How to list pages from each section and subsection?

I want to go to /psychedelics

and see a list of all articles in the /psychedelics content section, from all sub sections
I want to go /psychedelics/mushroom and see only all the articles from that sub-section
I want to go to /news and only see all the /news articles

And have them paginated. I can’t seem to figure out a solution to this. My current default/list.html template has this:

{{ $paginator := .Paginate .Pages }}
{{ range $i, $e := where ($paginator.Pages) ".Params.hidden" "!=" true }}

I created /layouts/section/psychedelics.html

{{ $paginator := .Paginate (where .Data.Pages "Type" "psychedelics") }}
{{ range $paginator.Pages }}

and that only lists one article. Instead of all of them in the /psychedelics/ content dir.

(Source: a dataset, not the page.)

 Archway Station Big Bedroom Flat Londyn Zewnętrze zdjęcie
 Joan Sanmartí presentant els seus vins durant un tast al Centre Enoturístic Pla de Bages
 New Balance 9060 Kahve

and when I to go it only shows one article. And that article is from psychedelics/info/ sub section, so I’m not sure what is going on. I’ve hit a dev roadblock here.

Please advise.

I have tried:

{{ $paginator := .Paginate .Site.RegularPages (where .Site.RegularPages "section" "psychedelics") }}
{{ range $i, $e := $paginator.Pages }}

with error:

Building sites … ERROR 2018/08/30 10:28:40 Error while rendering "taxonomy" in "categories/microdosing/": template: _default/list.html:67:47: executing "_default/list.html" at <where .Site.RegularP...>: error calling where: section isn't a field of struct type *hugolib.Page


I did this:


{{ $paginator := .Paginate (where .Site.RegularPages "Type" "psychedelics") }}
{{ range $paginator.Pages }}

and now all the pages from the psychedelics shows up, from all sub sections.

Is there a way to do this in the default list template, so I don’t have to make a sectiont list template for each top level section?

You can do that by checking for the permalink of each top level section…


{{ if in (.Permalink | string) "/psychedelics/" }}<—-Layout for the psychedelics section —->{{ end }}

PS That is how I develop Hugo projects. I have one template to rule all lists. It’s easier to maintain for me.